Paris secrets, or at least the dining we’ve enjoyed these past five weeks, with the added test of wanting to return.
We’ve previously reached some three-stars, emerging names (the original Spring, early Septime), and short-lived (Agape Substance – a steamy central bench shared with the chefs).
The plan this time was to concentrate on cheap and near, and I have already reported tagines Chez Hamadi.
Our recently-departed studio in a surprisingly quiet street between St Michel and Odéon-St Germain put us handily a few doors from New Delhi’s takeaway – three men, stove and tandoor jammed in a hole-in-the-wall. Other places were only slightly bigger – costs cut by small, crammed tables with no linen, and probably some bought-in prepared foods.

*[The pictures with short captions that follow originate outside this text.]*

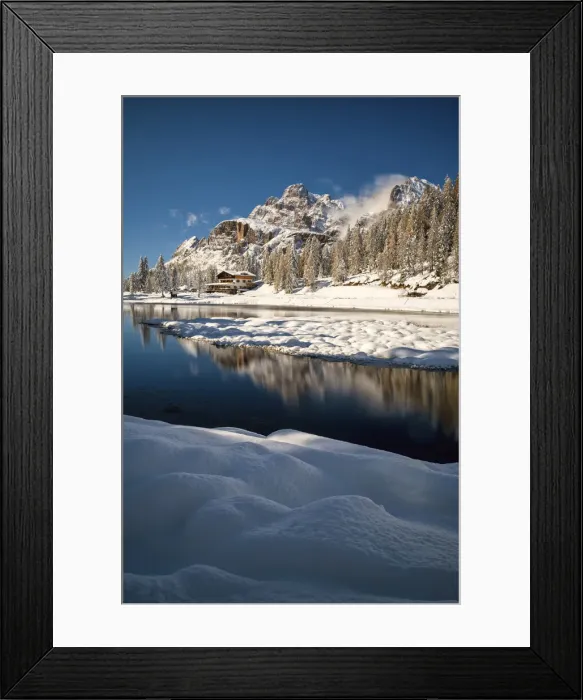 Framed Print : Fresh Snowfall at Lake Antorno, Belluno Province, Veneto, Dolomites, Italy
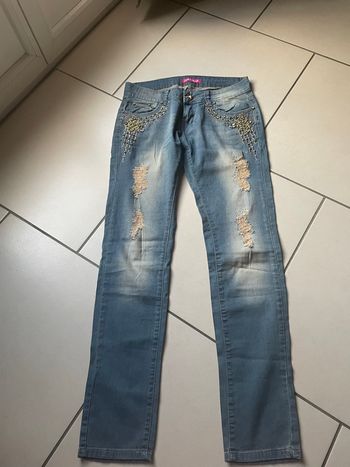 Jeans vintage perle brodé paranoia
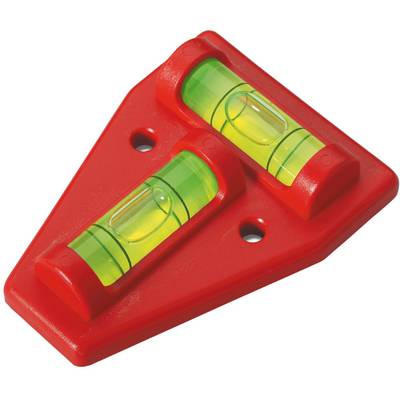 Red spirit level with two green vials, enabling horizontal and vertical alignment.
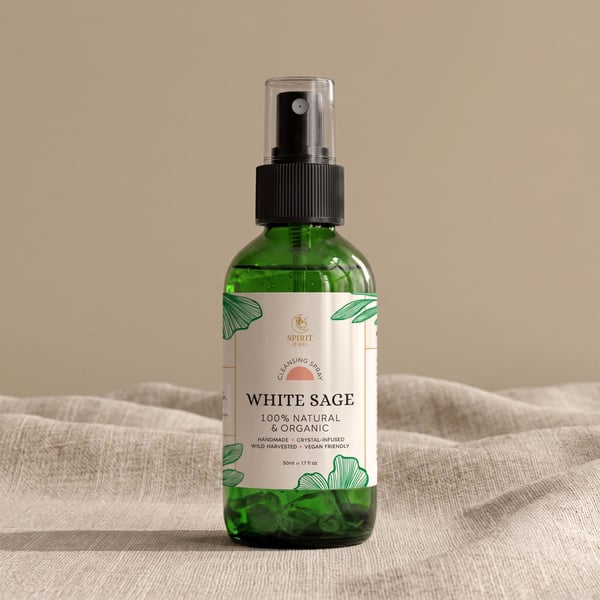 White Sage Cleansing Spray, 100% Natural & Organic Smokeless Energy Clearing Roo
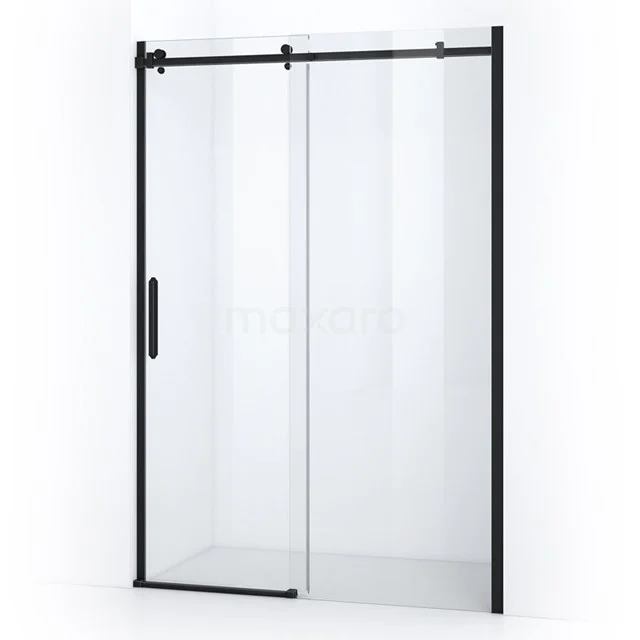 Crystal Allure Douchedeur | 140 Cm Mat Zwart Helder Glas Schuifdeur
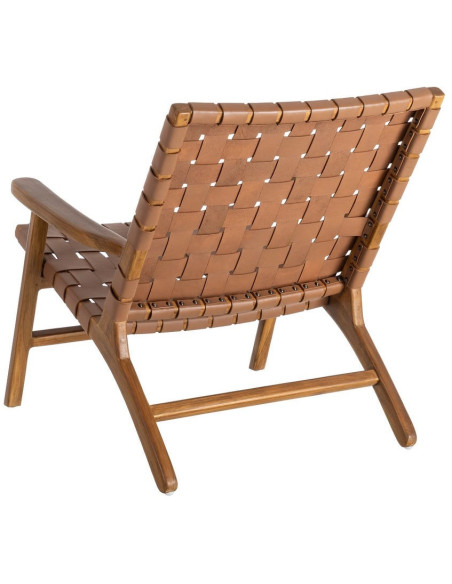 Fauteuil lounge ethnique chic Marron Bois de teck Noyan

Yet one visit made me a regular at Vins et Terroirs (competitively-priced at 12€ for two-course lunch, 18€ dinner), and I went eight or nine times. You can’t beat fast and friendly waiters under exposed beams and an ingrained spirit of gastronomie. A lentil soup with egg stood out. One night a missing dish was replaced by foie gras (so I ordered the missing dish a couple more times). Even a toughish steak seemed apt, and they assured me the profiteroles were made in-house in small batches – the chocolate sauce seemed real, too.
Opposite the St Germain covered market, Le Petit Vatel was even more cramped, and a tad more expensive with dishes at a proportionately higher level. The simple boudin noir with a little apple … missing it already.
On the way there, we could check out the lunch queue at the smart Comptoir du Relais (either queue, or get there early or late). Couldn’t resist a second shot at their lobster bisque (not thick, and I recall tomato hidden in there somewhere).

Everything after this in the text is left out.